Yapılan açıklama şöyle: 'Tesisin planlandığı alan, DSİ'nin tarımsal yatırımlarının sulama alanlarının ortasında kalıyor. Tarım ve Orman Bakanlığı tarafından arazi toplulaştırma çalışması da yapılmış olan bu bölgede fiilen tarımsal üretim gerçekleştiriliyor, yakındaki meralarda büyükbaş ve küçükbaş hayvanlar otluyor. Planlanan tesisin etki alanı içinde birçok arı kovanı da var. Kayaköz deresi yatağı ve çevresi birçok canlı türünü barındıran bir orman ekosistemi oluşturuyor. Alanın yakınındaki bölgelerin ayı, kurt, geyik, domuz, çakal, porsuk, tilki, kara akbaba gibi birçok hayvanın doğal yaşam alanı olduğu da biliniyor. Üstelik planlanan tesis alanının 70 metre yakınında bir arkeolojik sit alanı da bulunuyor.

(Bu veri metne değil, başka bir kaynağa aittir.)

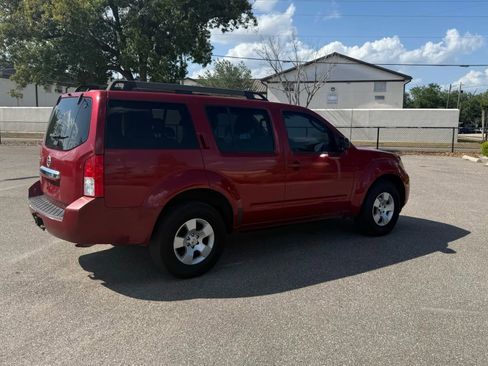 Used 2011 Nissan Pathfinder S image 6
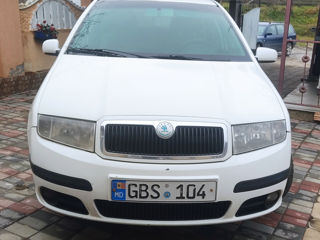 Skoda Fabia foto 3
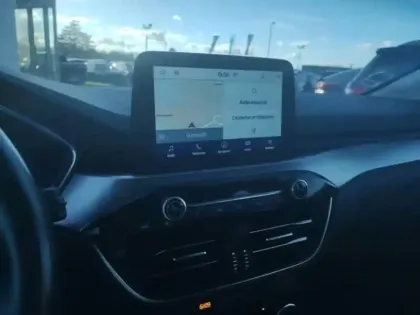 Photo 10 Ford Kuga  2.5 Duratec 190ch FHEV E85 ST-Line BVA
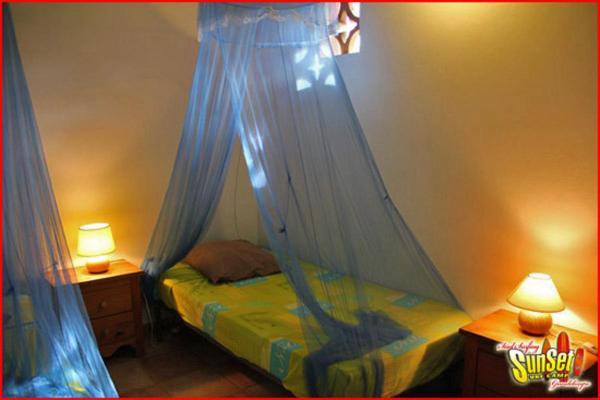 Sunset Surf Camp Hostel Saint-Francois  Exterior photo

Kısacası alan ve çevresi eşsiz bir doğal zenginlik, çok büyük bir tarım-hayvancılık potansiyeli ve kırsal turizm için önemli değerler barındırıyor. Maden tesisinin planlandığı yer Uruş beldesinin ve Güdül köylerinin tarımsal, ekolojik, arkeolojik ve turistik yönlerden eşsiz değerlere sahip alanlarının ortasında yer alıyor. Yapılması durumunda ortaya çıkacak arazi bozulması, toz yayılımı ve ağır kamyon trafiği, Karacaören'deki bereketli tarım alanlarına, üzüm bağlarına ve mandıralara; Uruş'un, Tahtacıörencik'in, Kayı'nın, Kavaközü'nün, Kırkkavak'ın, Öz'ün, Taşören'in, Garipçe'nin geniş tarlalarına, meyve bahçelerine, büyükbaş ve küçükbaş hayvanlarına ve arı kovanlarına; Tahtacıörencik ve Süvari Çayı kıyısında gelişmekte olan ekolojik tarım ve hayvancılık faaliyetlerine ve Sakin Şehir Güdül'ün turizm faaliyetlerine büyük zarar verme tehlikesi taşıyor. Proje aynı şekilde, yaban hayatı ve yerel halkın sağlıklı bir çevrede yaşama hakkı için büyük bir tehdit oluşturuyor.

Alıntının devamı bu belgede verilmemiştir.